« Ca va bien, mais on espère traverser tous ces écueils », a lancé vendredi devant la presse Yves Lyon-Caen, le président de la Fédération des industries nautiques (Fin), à propos de la somme d’incertitudes se profilant à l’horizon pour le secteur réuni porte de Versailles.
Les estimations de la Fin pour la saison 2018, achevée le 31 août, confirment le bon bilan dressé par son président: le chiffre d’affaires annuel de la filière devrait passer de 4,8 milliards d’euros à 5,2 milliards, et quelque 1.500 embauches devraient avoir été enregistrées au cours de la saison écoulée, pour porter le nombre d’équivalents temps plein du secteur à 43.000 salariés.
Mais dans une filière qui a exporté 75% de sa production à l’étranger en 2017, le taux d’export est une donnée également surveillée comme le lait sur le feu. Selon les chiffres de la Fin, il devrait encore progresser lors de la saison 2018, pour se hisser à 76%.
Pour autant, a alerté M. Lyon-Caen vendredi, « si la guerre commerciale entre les Etats-Unis et la Chine voulait bien véritablement s’arrêter et ne pas attendre les derniers tweets du président Trump, ça pourrait nous aider ».
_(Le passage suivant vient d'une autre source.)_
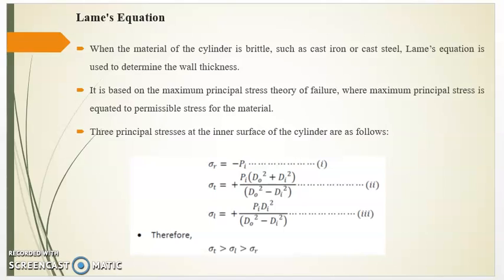Now we will see Lame's Equation. When the material of the cylinder is brittle, such as cast iron or cast steel, Lame's Equation is used to determine the wall thickness. It is based upon the maximum principal stress theory of failure, where the maximum principal stress is equated to the permissible stress for the material.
Autre motif d’inquiétude: le Brexit, particulièrement en cas de rupture sèche entre le Royaume-Uni et l’Union européenne.
« Si on va vers un Brexit dur parce que (Theresa) May, renversée, perd sa majorité parlementaire, ça aura probablement un impact lourd sur toute l’économie britannique, et je ne vois pas comment le nautisme pourrait y échapper », a averti M. Lyon-Caen, tout en assurant que pour l’instant aucun « ralentissement ample et brutal » du marché ne s’était produit outre-Manche.
L’Italie et l’Allemagne, deux marchés d’exportation historiquement importants pour l’industrie nautique française, suscitent elles aussi des interrogations.
Interrogé par l’AFP, Yves Lyon-Caen a ainsi qualifié d' »élément de risque » la « non-conformité italienne du point de vue des politiques financières et budgétaires » qui, si elle débouchait sur un « ralentissement économique important », pourrait pénaliser les entreprises françaises, « très présentes sur ce marché ».
Quant à l’Allemagne, c’est son statut de première économie européenne et la fragilité de la coalition gouvernementale fédérale qui préoccupent le président de la Fin.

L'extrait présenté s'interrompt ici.